Bieri Peter · Ständerat · 2003-03-12
Bieri Peter · Ständerat · Zug · Christlichdemokratische Fraktion · 2003-03-12
Wortprotokoll
Zu Absatz 1: Die Kommission will, wie gesagt, den Geltungsbereich des Gesetzes auf die Gewinnung von embryonalen Stammzellen aus überzähligen Embryonen und auf die Forschung mit solchen Stammzellen beschränken. Dabei ist sie sich bewusst, dass ein Sachzusammenhang zwischen der Embryonen- und der Stammzellenforschung besteht, dass sich die beiden Forschungsbereiche aber absolut voneinander abgrenzen lassen. So werden insbesondere nicht nur bei der [PAGE 180] Forschung an überzähligen Embryonen, sondern auch bei der Stammzellengewinnung Embryonen verbraucht oder - vielleicht muss man auch diesen Begriff verwenden - zerstört.

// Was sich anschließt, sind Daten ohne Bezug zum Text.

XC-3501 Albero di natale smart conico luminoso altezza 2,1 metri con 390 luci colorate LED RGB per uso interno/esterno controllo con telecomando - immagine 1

Für den Kommissionsentscheid waren vor allem die folgenden zwei Gründe ausschlaggebend: Die Verfassungsgrundlage wird, wie gesagt, als schmal, aber für eine Regelung der Stammzellenforschung als genügend betrachtet. Die öffentliche Diskussion in der Vergangenheit bezog sich fast ausschliesslich auf die Stammzellengewinnung und -forschung. Demgegenüber ist die Diskussion der übrigen Forschung an überzähligen Embryonen noch nicht abgeschlossen worden und braucht noch eine gründliche, breite Diskussion.
Die Frage der Forschung an überzähligen Embryonen mit anderer Zielsetzung als der Stammzellenforschung soll im Rahmen der Gesetzgebung zur Forschung am Menschen an die Hand genommen werden. So viel zu Absatz 1.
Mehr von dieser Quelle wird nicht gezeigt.